Der Bauer kehrte mit zwei ledernen Geschirren und zwei Paar Taschen zurück. Er warf die Taschen achtlos auf den Boden vor dem Gatter, schob Eugene zur Seite, öffnete das Gattertor und stapfte auf die Reitvögel zu.

Das große Tier in der Mitte der Gruppe stieß einen scharfen Schrei aus, woraufhin alle anderen Vögel aufmerksam die Köpfe hoben und sich nicht mehr rührten.

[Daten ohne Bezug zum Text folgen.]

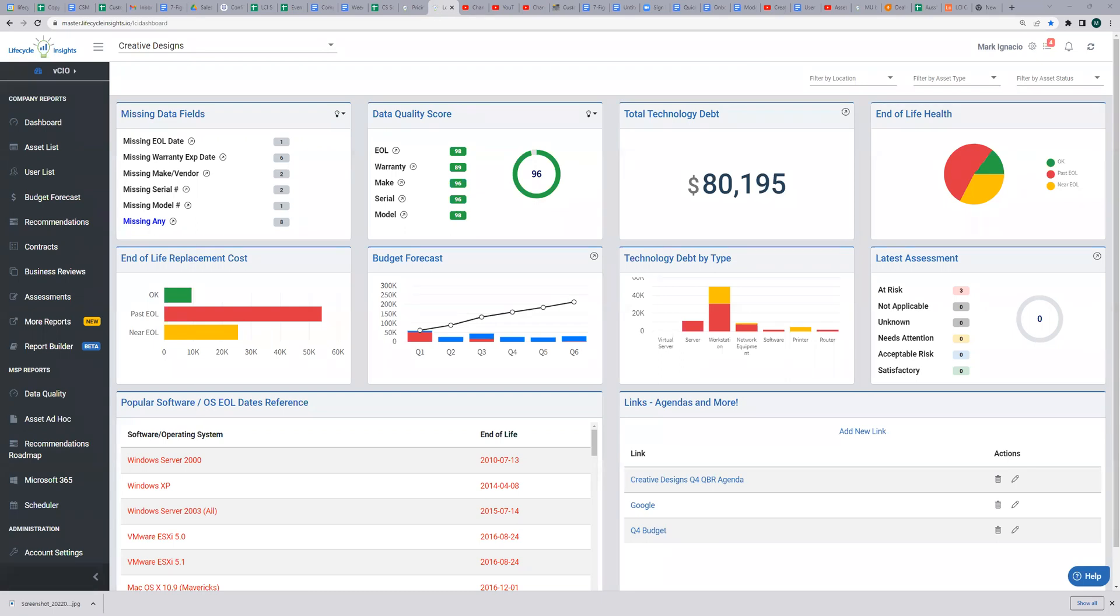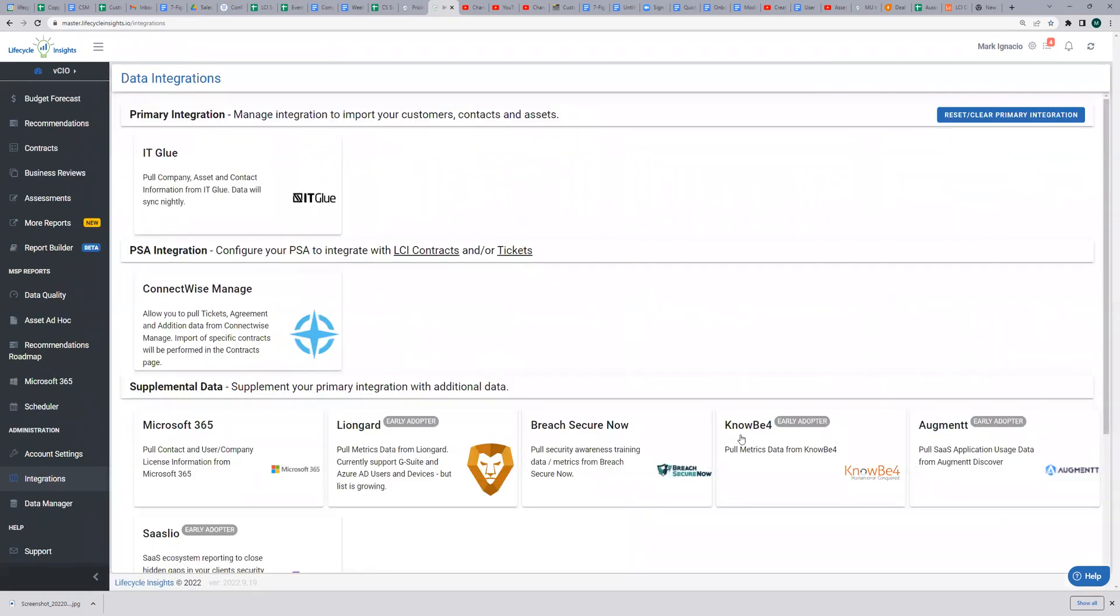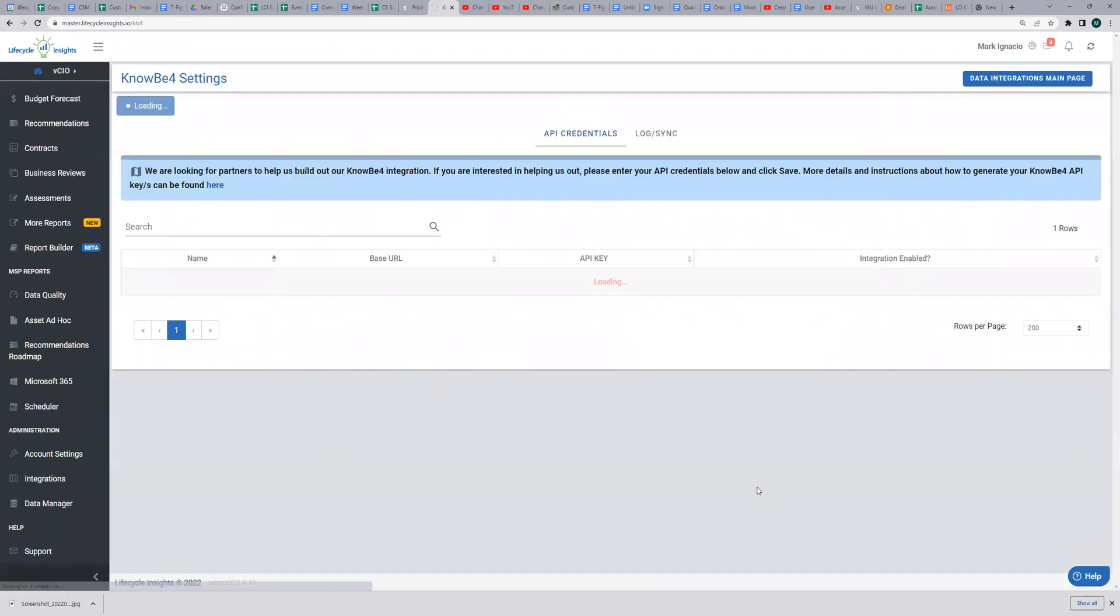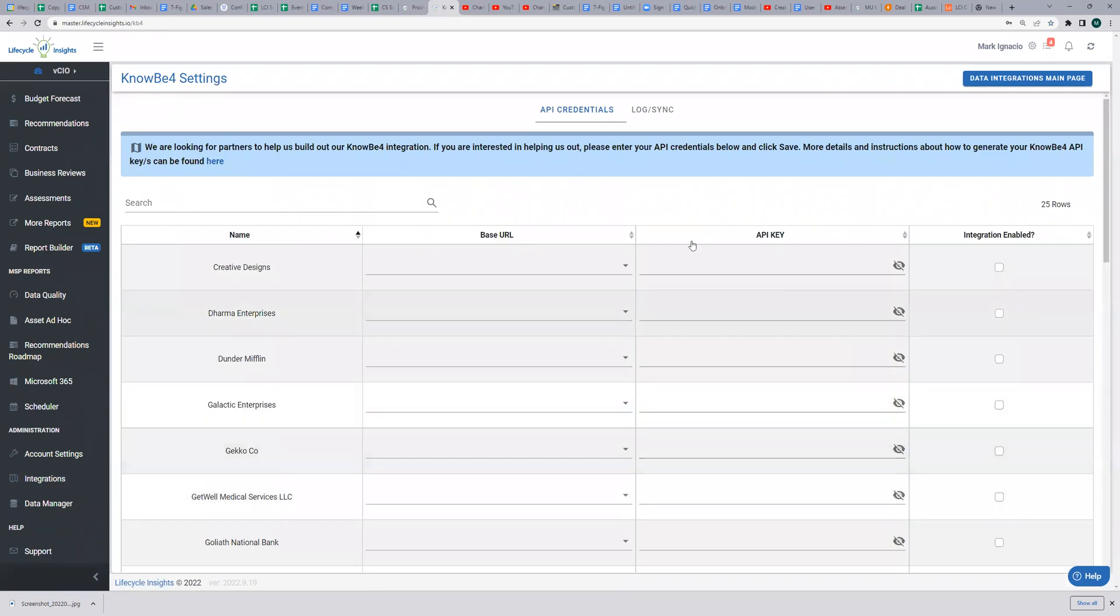In LCI, go to Administrations and Integrations. Click the KnowBe4 tile and enter the API keys and specify the URL for the customer's accounts you like. Data will be auto-saved as long as you select the URL and enter an API key.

Der Bauer ging auf die nächsten beiden Vögel zu und streifte ihnen jeweils eines der Geschirre über den Kopf, stellte die Riemen so ein, dass sie nicht mehr verrutschten, und führte die Tiere aus der Umzäunung. Er band sie auf der anderen Seite des Zaunes an und wandte sich dann an die Sterne.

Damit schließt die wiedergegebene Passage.